**Given material:**

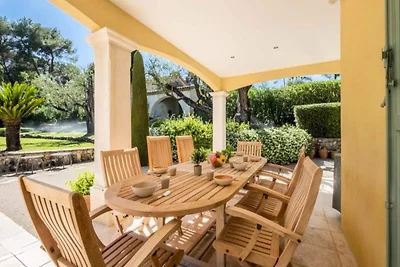 Villa in Roquefort mit Infinity-Pool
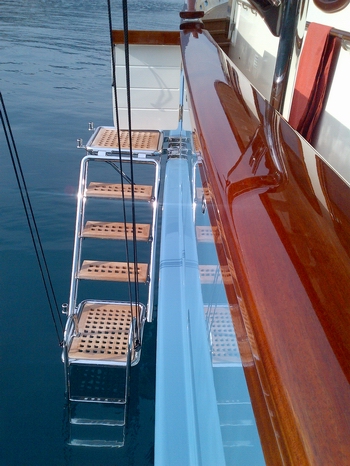 LARIMAR -  Side Boarding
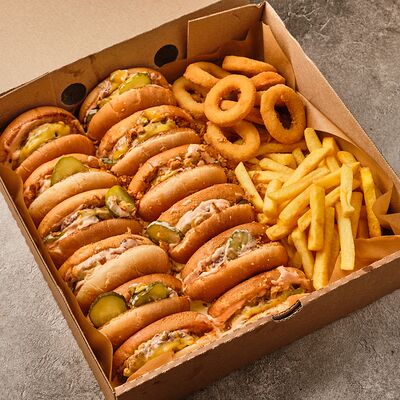 Сет мини-бургеров с фри и луковыми кольцамив Casa Trattoria по цене 2900 ₽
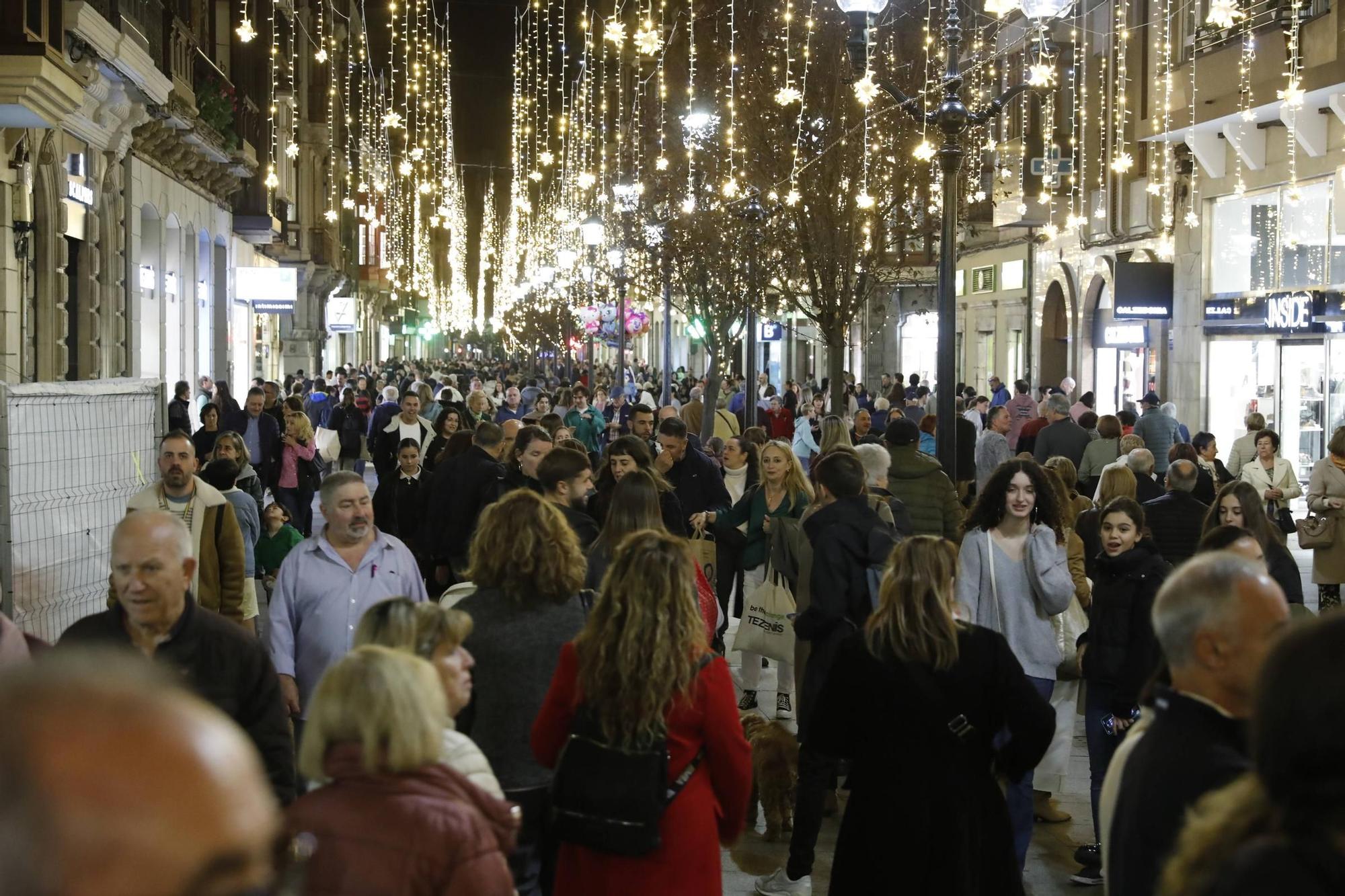 Así fue el encendido del alumbrado navideño de Gijón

**What you will do:** Everything from the line containing "Сет мини-бургеров с" through the last line of the listing above must be output exactly, except the pictures.

**Exercise solution:**
 Сет мини-бургеров с фри и луковыми кольцамив Casa Trattoria по цене 2900 ₽
 Así fue el encendido del alumbrado navideño de Gijón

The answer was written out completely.